The critic blames the theatre-goer too in his postmortem of musicals; as the audience, looking for easy eyes-shut-ears-open entertainment, often prompted good writers to turn to indefinitely lengthy musicals whose last acts ended at day break. Eliciting the famous Krushnaji Prabharkar Khadilkar's Savai Madhavrao Yancha Mrutyu (1895) as a scintillating piece of prose, Manohar says the play suffered due to poor patronage; whereas Khadilkar's "pedestrian" Manapmaan (1911) attained immortality because of Bal Gandharva's voice. Similarly, Ekach Pyala is usually remembered in the context of songs like Kashiya Tyaju Padala (Chi Sau Ka also honours the dramatist for the lyrics), which were not even written by its playwright Ram Ganesh Gadkari, but his friend Vitthal Gurjar.

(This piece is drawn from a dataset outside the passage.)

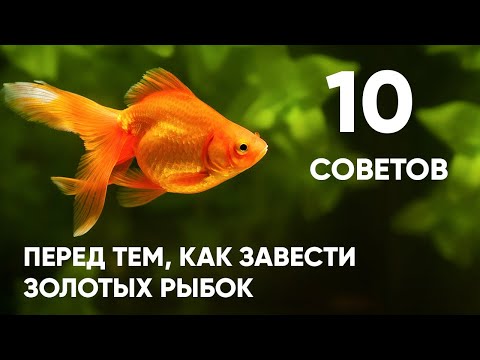 10 советов перед тем, как завести золотых рыбок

So the joke is that Gadkari's pyala was filled by the lyricist and the vocalist. Critics like Manohar present a view that many do not subscribe to; just as the makers of Chi Sau Ka who can and do rightfully celebrate the musical tradition. Pride is a relative concept. But any celebration cannot lack perspective; it cannot follow rules of convenience. A documentation of the arts calls for a need to rise above personal preconceived choices; a willingness to visit colliding worldviews. For those willing to explore, there is considerable multi-hued research on Marathi theatre done by experts like Makarand Sathe, Rajeev Naik, Pushpa Bhave, and Shanta Gokhale. Each scholar has his or her take, which one doesn't have to agree with, but one can draw inferences from.
Plays like Chi Sau Ka are often advanced with a something-is-better-than-nothing "consolation" logic; as if to underline the fact that some effort of keeping a tradition alive is better than no activity. But isn't it time to see if something is really better than nothing, or if that something is worse than nothing.